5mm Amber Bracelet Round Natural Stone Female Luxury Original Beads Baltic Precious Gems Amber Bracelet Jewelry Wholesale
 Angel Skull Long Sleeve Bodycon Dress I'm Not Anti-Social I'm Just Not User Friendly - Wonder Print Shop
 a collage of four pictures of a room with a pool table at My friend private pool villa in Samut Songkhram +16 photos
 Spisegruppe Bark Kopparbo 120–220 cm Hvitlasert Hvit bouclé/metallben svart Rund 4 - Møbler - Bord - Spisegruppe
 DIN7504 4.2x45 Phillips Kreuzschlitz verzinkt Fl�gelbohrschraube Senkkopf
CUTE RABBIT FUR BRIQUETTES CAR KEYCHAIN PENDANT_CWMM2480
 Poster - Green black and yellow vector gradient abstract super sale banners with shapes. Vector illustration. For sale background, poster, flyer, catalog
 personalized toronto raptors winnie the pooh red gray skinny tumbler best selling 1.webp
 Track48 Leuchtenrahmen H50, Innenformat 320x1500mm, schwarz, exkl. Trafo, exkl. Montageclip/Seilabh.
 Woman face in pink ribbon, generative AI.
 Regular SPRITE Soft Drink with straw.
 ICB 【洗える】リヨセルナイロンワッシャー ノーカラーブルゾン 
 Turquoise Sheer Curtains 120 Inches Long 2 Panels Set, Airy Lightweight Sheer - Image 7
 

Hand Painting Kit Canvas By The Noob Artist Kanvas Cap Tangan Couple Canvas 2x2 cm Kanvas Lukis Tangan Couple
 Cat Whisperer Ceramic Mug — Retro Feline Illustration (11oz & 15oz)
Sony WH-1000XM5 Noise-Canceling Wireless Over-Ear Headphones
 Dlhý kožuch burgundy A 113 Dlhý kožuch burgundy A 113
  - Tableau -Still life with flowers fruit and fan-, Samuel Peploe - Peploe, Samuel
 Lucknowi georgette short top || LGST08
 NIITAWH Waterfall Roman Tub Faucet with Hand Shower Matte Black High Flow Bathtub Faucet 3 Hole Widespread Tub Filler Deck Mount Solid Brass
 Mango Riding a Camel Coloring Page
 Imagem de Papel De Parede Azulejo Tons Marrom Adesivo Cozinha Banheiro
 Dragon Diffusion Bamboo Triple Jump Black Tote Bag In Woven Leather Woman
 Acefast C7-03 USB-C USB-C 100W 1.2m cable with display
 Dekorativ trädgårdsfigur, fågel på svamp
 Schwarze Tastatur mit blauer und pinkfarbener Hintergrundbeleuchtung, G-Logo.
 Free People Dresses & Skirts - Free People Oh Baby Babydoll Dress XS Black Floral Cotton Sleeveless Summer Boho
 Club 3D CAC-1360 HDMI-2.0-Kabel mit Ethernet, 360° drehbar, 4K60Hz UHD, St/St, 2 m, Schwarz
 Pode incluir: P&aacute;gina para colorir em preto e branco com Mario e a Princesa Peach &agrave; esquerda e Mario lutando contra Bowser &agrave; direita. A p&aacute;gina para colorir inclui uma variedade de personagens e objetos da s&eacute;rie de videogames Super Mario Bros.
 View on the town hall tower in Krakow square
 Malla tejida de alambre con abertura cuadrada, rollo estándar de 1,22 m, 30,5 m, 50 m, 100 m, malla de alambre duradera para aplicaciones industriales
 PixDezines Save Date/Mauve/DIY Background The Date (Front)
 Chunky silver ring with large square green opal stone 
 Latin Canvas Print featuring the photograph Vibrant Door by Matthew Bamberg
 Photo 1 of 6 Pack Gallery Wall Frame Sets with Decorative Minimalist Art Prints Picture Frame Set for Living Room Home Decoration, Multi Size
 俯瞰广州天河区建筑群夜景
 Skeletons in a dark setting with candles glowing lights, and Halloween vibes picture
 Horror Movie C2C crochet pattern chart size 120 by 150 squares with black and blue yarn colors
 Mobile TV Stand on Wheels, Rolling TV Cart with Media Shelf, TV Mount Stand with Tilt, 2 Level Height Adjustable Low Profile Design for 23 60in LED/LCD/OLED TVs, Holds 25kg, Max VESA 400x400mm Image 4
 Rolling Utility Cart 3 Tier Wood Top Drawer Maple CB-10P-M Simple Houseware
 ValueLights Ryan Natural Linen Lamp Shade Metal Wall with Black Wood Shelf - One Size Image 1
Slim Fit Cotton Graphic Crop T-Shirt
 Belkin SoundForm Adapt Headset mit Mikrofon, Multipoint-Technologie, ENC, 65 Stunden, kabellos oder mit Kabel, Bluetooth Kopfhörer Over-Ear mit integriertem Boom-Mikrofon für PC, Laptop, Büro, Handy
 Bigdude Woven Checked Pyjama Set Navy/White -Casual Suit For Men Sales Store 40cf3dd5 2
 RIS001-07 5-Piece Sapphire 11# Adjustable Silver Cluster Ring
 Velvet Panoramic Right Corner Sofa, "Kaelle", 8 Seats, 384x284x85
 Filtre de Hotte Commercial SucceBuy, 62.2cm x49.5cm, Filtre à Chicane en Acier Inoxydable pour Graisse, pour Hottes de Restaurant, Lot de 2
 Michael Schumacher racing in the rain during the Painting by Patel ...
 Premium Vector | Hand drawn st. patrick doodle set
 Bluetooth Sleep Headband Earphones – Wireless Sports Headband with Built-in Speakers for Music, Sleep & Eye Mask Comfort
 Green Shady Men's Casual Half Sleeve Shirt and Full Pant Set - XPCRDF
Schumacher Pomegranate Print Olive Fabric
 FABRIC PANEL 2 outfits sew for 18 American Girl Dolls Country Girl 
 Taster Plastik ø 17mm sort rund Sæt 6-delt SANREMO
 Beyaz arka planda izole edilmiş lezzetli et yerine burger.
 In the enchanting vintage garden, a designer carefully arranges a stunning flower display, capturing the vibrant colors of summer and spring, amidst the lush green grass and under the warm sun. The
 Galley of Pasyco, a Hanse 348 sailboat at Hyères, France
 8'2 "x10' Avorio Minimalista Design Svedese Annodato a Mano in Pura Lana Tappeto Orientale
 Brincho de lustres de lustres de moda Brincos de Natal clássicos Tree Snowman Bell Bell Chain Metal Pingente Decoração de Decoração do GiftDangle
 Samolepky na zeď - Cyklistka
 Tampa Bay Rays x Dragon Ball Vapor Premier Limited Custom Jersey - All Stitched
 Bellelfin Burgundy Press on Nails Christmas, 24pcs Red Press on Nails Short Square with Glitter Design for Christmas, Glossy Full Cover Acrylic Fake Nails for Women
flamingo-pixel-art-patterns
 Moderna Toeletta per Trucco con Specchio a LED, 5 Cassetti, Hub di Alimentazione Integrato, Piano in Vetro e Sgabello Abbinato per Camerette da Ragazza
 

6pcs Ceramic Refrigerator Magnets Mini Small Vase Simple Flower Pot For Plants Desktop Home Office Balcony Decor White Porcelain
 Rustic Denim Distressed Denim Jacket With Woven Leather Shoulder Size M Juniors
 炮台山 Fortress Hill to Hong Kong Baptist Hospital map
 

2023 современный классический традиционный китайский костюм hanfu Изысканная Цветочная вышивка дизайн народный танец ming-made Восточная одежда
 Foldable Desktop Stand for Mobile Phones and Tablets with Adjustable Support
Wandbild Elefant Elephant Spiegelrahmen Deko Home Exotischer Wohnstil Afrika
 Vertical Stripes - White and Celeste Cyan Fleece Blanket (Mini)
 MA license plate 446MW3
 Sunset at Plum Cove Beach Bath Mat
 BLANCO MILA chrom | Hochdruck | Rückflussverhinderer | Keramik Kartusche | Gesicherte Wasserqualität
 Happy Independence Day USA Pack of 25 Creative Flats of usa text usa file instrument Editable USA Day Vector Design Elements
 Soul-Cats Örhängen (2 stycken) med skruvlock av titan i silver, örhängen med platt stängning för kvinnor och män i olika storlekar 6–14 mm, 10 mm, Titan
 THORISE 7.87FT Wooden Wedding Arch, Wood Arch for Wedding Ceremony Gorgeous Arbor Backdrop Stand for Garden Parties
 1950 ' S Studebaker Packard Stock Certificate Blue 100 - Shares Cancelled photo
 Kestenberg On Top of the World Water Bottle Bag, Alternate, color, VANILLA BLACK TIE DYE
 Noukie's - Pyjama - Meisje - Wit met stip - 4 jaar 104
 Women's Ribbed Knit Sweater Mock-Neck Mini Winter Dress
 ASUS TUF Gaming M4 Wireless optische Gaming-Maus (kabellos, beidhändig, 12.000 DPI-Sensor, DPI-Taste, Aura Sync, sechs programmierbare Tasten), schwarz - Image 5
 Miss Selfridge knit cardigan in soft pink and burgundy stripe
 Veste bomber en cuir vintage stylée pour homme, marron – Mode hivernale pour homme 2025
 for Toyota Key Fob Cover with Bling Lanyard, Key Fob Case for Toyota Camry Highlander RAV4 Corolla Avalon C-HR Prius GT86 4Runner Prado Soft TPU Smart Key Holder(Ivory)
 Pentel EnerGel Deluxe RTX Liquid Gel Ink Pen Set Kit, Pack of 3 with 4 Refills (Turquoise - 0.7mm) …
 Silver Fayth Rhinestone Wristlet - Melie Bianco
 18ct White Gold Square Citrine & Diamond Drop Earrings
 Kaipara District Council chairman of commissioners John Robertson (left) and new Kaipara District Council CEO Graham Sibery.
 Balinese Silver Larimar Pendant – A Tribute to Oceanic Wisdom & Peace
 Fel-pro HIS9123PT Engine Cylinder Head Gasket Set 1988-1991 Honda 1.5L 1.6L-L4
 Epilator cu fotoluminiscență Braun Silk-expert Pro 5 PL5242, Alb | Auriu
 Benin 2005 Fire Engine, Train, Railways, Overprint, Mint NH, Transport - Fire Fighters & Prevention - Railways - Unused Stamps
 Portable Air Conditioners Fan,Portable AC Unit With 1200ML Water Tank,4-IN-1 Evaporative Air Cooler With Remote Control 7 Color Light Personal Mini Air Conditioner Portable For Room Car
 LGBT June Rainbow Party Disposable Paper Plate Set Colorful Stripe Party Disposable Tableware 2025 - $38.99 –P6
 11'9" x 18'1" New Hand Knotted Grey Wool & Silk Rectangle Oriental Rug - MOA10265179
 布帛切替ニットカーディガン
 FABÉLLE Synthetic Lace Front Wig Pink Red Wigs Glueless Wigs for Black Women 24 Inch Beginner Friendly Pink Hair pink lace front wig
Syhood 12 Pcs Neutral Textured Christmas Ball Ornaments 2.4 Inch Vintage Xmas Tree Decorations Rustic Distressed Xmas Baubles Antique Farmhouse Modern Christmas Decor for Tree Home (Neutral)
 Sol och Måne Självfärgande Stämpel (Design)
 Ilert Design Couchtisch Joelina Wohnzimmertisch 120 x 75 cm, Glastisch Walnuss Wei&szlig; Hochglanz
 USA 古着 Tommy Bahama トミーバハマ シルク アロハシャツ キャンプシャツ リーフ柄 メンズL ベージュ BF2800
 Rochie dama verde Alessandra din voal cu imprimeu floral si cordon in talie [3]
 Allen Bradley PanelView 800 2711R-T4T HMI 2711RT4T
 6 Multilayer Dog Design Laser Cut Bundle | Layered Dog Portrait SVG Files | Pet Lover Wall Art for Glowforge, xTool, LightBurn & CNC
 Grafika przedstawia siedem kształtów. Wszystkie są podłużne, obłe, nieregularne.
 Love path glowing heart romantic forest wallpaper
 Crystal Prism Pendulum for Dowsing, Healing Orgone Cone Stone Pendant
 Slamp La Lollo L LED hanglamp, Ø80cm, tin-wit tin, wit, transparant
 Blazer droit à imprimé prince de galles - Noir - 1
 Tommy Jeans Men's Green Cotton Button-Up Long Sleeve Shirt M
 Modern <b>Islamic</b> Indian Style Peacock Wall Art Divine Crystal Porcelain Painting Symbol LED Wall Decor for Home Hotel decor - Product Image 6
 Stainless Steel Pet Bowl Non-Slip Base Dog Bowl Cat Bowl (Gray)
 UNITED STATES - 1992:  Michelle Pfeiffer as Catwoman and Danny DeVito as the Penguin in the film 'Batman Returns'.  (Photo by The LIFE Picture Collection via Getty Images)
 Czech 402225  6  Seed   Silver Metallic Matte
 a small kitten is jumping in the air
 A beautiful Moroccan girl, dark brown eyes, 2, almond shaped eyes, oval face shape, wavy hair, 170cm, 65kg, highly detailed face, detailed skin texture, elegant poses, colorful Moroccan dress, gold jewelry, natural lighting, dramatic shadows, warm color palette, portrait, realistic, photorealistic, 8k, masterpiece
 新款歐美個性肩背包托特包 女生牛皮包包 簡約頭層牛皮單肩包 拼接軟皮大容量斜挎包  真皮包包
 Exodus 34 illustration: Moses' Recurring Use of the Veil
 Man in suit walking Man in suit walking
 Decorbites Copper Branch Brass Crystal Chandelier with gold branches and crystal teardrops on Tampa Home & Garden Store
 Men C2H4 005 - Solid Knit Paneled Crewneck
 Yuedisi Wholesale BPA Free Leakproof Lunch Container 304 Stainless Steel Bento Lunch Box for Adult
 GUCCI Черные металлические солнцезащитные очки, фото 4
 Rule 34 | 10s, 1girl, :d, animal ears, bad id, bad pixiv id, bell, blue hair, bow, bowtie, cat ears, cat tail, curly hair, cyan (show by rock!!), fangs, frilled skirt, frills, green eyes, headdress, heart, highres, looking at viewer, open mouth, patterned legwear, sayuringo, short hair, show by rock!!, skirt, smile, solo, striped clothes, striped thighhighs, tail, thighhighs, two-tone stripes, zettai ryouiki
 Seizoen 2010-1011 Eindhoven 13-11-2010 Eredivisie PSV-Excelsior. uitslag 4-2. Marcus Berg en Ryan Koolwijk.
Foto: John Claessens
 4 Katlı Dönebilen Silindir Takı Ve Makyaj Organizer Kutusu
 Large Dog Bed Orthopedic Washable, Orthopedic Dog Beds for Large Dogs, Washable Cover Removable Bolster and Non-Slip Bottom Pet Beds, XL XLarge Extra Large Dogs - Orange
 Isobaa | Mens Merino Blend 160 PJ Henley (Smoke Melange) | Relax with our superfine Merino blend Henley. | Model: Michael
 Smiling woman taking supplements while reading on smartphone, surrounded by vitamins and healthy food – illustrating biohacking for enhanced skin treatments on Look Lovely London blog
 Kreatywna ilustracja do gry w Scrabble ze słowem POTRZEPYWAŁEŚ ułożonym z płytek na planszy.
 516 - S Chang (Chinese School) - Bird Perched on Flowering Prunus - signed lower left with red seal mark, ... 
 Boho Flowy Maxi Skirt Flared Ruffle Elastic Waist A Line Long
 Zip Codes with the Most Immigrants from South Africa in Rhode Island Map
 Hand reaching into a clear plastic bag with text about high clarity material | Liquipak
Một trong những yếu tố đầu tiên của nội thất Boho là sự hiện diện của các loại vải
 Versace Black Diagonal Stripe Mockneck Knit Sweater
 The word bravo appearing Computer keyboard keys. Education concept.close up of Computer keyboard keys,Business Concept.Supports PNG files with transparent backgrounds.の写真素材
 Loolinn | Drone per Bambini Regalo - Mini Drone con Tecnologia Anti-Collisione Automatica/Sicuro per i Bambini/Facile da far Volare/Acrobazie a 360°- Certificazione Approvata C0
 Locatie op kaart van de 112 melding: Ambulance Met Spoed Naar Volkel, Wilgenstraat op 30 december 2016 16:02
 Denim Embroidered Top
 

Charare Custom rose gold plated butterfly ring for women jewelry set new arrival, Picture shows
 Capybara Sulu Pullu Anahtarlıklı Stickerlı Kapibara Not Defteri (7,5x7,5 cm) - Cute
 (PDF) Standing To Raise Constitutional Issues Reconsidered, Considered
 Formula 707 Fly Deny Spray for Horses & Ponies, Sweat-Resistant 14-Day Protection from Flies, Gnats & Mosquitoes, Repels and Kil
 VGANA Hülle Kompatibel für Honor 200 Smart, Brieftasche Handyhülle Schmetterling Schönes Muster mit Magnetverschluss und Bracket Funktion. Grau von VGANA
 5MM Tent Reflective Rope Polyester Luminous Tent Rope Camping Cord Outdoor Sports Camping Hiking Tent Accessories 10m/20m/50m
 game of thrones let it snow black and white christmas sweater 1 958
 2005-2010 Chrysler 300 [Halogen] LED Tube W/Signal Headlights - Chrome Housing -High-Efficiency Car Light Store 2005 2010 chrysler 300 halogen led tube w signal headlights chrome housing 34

^^^^^^^^

Your answer should consist only of the lines above between the line holding "Chunky silver ring" and the line holding "Velvet Panoramic Right", inclusive, each transcribed exactly.

 Chunky silver ring with large square green opal stone 
 Latin Canvas Print featuring the photograph Vibrant Door by Matthew Bamberg
 Photo 1 of 6 Pack Gallery Wall Frame Sets with Decorative Minimalist Art Prints Picture Frame Set for Living Room Home Decoration, Multi Size
 俯瞰广州天河区建筑群夜景
 Skeletons in a dark setting with candles glowing lights, and Halloween vibes picture
 Horror Movie C2C crochet pattern chart size 120 by 150 squares with black and blue yarn colors
 Mobile TV Stand on Wheels, Rolling TV Cart with Media Shelf, TV Mount Stand with Tilt, 2 Level Height Adjustable Low Profile Design for 23 60in LED/LCD/OLED TVs, Holds 25kg, Max VESA 400x400mm Image 4
 Rolling Utility Cart 3 Tier Wood Top Drawer Maple CB-10P-M Simple Houseware
 ValueLights Ryan Natural Linen Lamp Shade Metal Wall with Black Wood Shelf - One Size Image 1
Slim Fit Cotton Graphic Crop T-Shirt
 Belkin SoundForm Adapt Headset mit Mikrofon, Multipoint-Technologie, ENC, 65 Stunden, kabellos oder mit Kabel, Bluetooth Kopfhörer Over-Ear mit integriertem Boom-Mikrofon für PC, Laptop, Büro, Handy
 Bigdude Woven Checked Pyjama Set Navy/White -Casual Suit For Men Sales Store 40cf3dd5 2
 RIS001-07 5-Piece Sapphire 11# Adjustable Silver Cluster Ring
 Velvet Panoramic Right Corner Sofa, "Kaelle", 8 Seats, 384x284x85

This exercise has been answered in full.